One thought on “Understanding The Wife’s Code. Jeff Allen – Full Special

  1. Thanks, Swifty. I finally got to watch this. So funny, the guy is really hysterical and has a keen eye on all the changes of family life. Man, we sure do need to laugh now and then. So I just found these three items for you:

    >>> I have a shared parking lot with my neighbor. I don’t like him much, but I’ve decided to try to be his friend. After all… We have a lot in common.

    >>> And the Lord said unto John, “Come forth and you will receive eternal life.” But John came fifth and won a toaster.
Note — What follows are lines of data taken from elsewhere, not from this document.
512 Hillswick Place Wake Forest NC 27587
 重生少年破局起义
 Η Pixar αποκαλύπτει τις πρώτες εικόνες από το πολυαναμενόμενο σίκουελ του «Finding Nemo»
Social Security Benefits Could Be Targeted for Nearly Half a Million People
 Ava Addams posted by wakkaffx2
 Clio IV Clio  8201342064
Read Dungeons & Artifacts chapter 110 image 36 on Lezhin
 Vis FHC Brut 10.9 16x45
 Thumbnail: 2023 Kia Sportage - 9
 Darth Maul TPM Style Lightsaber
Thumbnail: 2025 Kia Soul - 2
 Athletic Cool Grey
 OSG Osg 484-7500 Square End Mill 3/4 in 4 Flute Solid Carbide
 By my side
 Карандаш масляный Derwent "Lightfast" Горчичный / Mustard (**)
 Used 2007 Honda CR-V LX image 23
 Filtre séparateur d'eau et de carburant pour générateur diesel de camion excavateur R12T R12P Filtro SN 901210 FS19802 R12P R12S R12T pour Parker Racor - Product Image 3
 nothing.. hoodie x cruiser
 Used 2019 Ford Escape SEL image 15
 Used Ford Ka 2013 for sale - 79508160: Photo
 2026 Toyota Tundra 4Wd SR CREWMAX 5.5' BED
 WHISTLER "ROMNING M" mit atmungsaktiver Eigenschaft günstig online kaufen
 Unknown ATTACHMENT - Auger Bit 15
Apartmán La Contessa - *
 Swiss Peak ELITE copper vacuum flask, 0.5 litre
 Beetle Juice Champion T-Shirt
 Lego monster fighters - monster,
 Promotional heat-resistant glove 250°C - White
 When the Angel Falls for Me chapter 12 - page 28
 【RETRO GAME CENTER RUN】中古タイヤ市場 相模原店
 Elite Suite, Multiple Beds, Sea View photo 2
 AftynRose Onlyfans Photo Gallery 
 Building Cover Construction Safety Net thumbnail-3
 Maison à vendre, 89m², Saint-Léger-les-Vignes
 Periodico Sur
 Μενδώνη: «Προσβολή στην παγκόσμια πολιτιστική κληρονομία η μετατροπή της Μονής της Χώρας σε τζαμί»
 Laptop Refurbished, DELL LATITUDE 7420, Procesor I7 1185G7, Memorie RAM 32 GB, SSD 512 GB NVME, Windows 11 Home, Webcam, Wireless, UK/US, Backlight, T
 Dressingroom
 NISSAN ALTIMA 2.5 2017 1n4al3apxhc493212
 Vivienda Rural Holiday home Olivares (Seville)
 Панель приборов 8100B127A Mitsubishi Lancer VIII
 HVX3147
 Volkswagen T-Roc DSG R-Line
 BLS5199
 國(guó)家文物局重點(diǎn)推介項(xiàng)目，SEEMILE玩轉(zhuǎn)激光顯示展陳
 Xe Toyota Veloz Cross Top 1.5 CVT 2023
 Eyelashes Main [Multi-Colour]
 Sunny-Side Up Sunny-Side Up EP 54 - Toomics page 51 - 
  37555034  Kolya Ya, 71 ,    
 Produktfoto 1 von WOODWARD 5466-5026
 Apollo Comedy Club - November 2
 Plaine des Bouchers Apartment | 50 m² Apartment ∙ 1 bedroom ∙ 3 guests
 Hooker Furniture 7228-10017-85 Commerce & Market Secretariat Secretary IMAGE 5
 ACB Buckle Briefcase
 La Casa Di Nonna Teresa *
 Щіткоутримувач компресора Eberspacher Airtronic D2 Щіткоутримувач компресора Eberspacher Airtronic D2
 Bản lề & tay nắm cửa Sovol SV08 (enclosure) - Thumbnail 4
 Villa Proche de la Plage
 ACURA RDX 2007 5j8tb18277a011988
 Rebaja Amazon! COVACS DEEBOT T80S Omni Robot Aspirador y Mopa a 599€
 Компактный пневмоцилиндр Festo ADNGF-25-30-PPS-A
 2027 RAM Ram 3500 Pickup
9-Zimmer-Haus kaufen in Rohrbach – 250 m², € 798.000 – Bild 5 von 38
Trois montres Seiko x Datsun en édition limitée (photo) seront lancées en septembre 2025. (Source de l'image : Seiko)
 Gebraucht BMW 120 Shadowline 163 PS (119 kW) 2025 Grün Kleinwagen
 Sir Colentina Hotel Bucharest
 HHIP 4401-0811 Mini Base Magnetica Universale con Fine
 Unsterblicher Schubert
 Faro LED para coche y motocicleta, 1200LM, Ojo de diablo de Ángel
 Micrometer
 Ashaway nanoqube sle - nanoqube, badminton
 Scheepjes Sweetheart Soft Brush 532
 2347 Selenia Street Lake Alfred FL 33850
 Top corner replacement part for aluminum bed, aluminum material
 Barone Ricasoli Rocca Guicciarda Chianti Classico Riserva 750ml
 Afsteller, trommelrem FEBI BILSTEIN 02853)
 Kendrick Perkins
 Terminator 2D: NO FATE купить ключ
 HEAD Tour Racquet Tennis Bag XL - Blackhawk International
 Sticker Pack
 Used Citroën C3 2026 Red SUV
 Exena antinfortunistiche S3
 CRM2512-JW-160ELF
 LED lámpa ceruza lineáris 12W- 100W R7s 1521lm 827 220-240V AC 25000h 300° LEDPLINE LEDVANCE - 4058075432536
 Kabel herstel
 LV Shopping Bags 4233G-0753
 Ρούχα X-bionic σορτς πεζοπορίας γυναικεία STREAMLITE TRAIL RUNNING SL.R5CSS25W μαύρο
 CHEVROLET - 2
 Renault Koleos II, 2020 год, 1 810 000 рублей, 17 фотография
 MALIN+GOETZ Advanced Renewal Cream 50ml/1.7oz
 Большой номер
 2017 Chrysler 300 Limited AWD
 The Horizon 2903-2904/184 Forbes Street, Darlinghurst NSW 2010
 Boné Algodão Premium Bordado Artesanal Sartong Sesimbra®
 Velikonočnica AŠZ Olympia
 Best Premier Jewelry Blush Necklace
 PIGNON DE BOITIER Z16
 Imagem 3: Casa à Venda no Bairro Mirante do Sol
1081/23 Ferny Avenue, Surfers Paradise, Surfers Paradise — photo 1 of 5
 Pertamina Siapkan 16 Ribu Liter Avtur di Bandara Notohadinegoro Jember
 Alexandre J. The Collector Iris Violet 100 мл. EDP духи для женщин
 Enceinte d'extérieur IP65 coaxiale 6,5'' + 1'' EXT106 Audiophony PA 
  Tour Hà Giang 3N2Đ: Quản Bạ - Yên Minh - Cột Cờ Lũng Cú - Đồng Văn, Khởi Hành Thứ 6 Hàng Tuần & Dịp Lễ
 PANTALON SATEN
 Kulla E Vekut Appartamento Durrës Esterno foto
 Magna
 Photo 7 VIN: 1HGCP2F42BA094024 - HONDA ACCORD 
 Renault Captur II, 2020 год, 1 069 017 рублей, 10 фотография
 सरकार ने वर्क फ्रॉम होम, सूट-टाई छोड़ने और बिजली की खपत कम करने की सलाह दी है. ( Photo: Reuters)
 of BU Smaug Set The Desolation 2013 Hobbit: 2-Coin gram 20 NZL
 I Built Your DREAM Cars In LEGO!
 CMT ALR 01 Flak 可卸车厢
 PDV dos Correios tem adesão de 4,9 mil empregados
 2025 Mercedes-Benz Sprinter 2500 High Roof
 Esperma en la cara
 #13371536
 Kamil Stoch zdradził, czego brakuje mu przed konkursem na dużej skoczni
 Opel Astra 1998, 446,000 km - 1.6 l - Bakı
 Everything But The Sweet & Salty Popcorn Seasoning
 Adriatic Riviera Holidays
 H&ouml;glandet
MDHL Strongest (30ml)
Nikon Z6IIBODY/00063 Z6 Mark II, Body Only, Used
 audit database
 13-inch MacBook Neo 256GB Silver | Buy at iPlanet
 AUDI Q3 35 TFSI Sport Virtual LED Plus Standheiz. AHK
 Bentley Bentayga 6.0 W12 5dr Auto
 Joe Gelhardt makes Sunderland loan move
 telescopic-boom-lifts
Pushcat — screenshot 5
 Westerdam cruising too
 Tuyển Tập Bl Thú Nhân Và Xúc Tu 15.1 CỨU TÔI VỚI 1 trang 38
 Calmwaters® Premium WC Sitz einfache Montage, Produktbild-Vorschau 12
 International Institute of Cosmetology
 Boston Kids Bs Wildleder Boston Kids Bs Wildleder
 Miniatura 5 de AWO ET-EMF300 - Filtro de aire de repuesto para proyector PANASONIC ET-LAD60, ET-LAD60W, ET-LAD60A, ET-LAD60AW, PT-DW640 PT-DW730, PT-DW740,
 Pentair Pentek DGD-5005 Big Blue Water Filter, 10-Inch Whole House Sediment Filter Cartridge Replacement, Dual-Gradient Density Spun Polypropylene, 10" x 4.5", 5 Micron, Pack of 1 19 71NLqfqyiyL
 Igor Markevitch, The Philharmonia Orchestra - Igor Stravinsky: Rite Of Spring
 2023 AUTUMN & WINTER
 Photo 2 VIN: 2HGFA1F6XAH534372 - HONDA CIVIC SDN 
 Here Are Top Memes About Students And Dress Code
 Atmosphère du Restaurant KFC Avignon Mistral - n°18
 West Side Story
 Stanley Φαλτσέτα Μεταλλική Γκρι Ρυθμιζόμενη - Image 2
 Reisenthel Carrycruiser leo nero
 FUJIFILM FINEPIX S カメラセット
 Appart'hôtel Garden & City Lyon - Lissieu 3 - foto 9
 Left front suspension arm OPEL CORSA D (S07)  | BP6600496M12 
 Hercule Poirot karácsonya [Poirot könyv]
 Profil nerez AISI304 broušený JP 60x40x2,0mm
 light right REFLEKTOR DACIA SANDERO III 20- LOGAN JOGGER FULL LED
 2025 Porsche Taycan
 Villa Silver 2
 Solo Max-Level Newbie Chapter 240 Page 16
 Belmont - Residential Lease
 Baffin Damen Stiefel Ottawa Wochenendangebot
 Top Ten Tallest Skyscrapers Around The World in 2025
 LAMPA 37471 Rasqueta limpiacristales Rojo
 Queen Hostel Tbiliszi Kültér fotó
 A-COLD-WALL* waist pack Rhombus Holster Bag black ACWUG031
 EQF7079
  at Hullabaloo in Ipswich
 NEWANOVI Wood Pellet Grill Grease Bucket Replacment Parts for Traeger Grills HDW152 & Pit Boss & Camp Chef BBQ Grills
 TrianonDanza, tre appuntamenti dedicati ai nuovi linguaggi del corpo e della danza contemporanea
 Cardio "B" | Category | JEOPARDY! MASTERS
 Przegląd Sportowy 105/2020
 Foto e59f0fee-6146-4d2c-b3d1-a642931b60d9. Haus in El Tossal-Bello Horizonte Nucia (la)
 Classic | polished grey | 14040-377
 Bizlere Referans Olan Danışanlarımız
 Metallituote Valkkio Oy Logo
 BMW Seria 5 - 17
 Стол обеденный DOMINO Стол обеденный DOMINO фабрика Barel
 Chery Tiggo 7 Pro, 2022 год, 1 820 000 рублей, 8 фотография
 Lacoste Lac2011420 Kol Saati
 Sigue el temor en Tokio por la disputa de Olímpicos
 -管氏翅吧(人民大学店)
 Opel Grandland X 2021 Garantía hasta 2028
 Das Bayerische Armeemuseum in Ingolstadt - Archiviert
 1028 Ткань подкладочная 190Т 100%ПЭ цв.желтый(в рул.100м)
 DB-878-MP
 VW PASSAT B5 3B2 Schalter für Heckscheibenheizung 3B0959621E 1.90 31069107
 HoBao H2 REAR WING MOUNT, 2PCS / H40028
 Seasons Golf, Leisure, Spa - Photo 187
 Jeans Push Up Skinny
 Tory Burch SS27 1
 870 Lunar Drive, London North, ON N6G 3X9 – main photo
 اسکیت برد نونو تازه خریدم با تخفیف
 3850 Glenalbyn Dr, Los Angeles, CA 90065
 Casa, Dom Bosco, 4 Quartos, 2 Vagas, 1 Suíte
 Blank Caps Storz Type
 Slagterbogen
    >>> A police officer pulls over this guy who’s been weaving in and out of the lanes. He goes up to the guy’s window and says, “Sir, I need you to blow into this breathalyzer tube.” The man says, “Sorry, officer, I can’t do that. I am an asthmatic. If I do that, I’ll have a really bad asthma attack.”

    “Okay, fine. I need you to come down to the station to give a blood sample.” I can’t do that either. I am a hemophiliac. If I do that, I’ll bleed to death.”

    “Well, then, we need a urine sample.” “I’m sorry, officer, I can’t do that either. I am also a diabetic. If I do that, I’ll get really low blood sugar.”

    “All right, then I need you to come out here and walk this white line.” “I can’t do that, officer.” “Why not?” “Because I’m drunk.”